After that, George decided to leave Hungary. On Nov. 26, 1956, George, his mother and stepfather boarded a train, disembarking one stop before the Austrian border. They came to a cornfield where, in a group of 30 people, they set out on a three-mile walk in rain and snow to the border, which was guarded by Russian soldiers.
After they’d walked for a mile, falling to the ground whenever searchlights scanned the area, George’s mother gave up, insisting on returning to Budapest. But George dropped everything he had, including a small briefcase with some money, and, although he was barefoot because his shoes had become stuck in the mud, he carried her the rest of the way, an all-night journey.
They made their way to Vienna. There, George was awarded a Rockefeller Fellowship and promised a job in Boston. But, as he believed the United States and Russia were on a collision course, he opted to go “as far away as possible from the next war” and chose Australia.
George settled in Melbourne, working as a technician and studying English, memorizing 100 words a day. Then, from 1957 to 1962, he joined the surgery department of two Melbourne hospitals, continuing his work in experimental surgery and optical technology.

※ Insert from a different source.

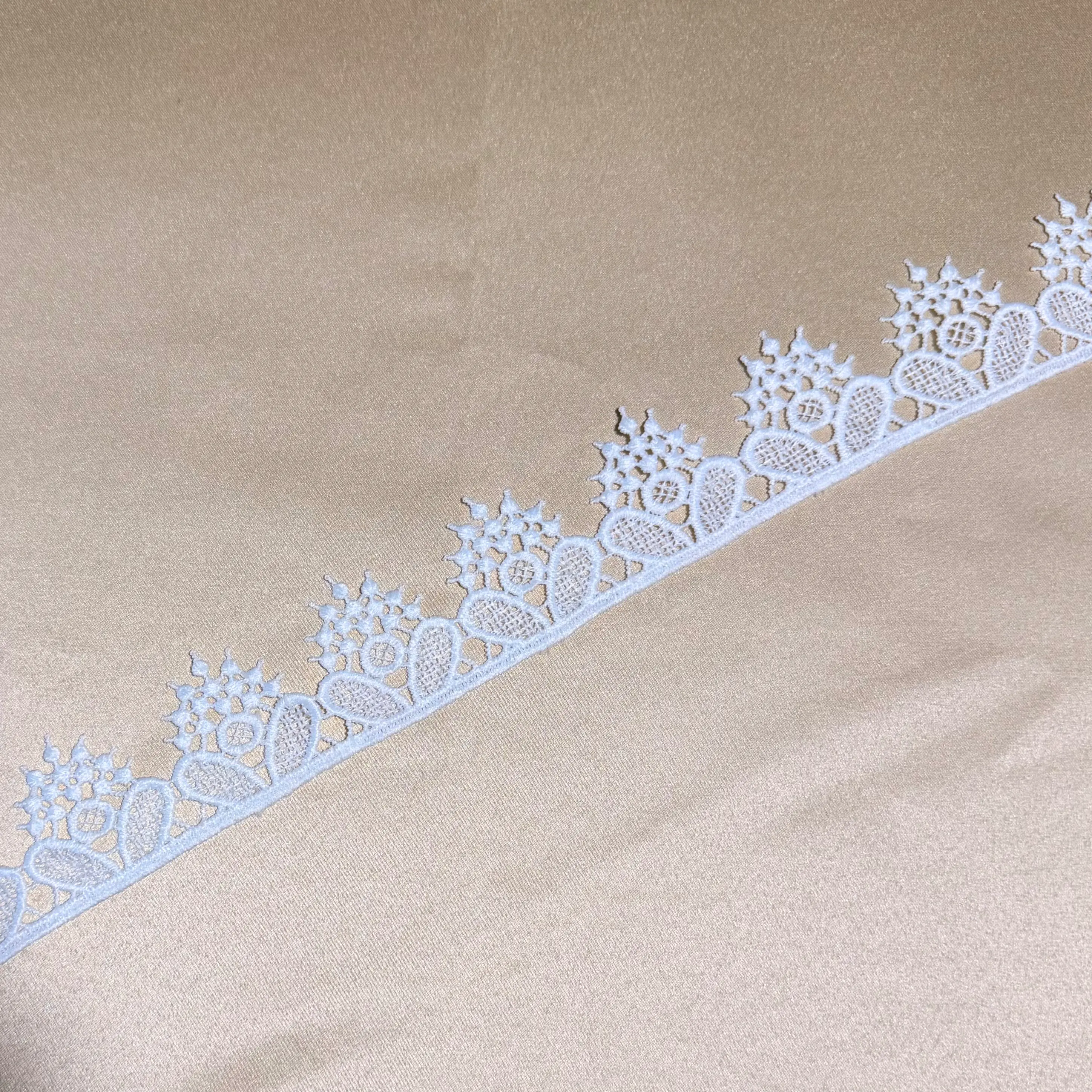 Vintag Blanco de Lace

In 1968, George came to Cedars-Sinai Medical Center as a visiting professor and never left. Today he is recognized as the pioneer who developed the techniques that serve as the foundation of all endoscopic and laparoscopic surgeries.
At 92, he is senior director of Minimally Invasive Endoscopic Research at Cedars-Sinai. In addition to teaching and researching, he enjoys classical music. He has been married to Barbara (Weiss) Berci since 1988 and is the father of three children from previous marriages — Kitty, born in 1950; Winton, 1955; and Nina, 1969. He has six grandchildren.
George said he doesn’t “beat his chest” that he’s a survivor. And he doesn’t talk about the Holocaust much, except to his children and grandchildren. “I’m very keen that the next generation should know about it,” he said.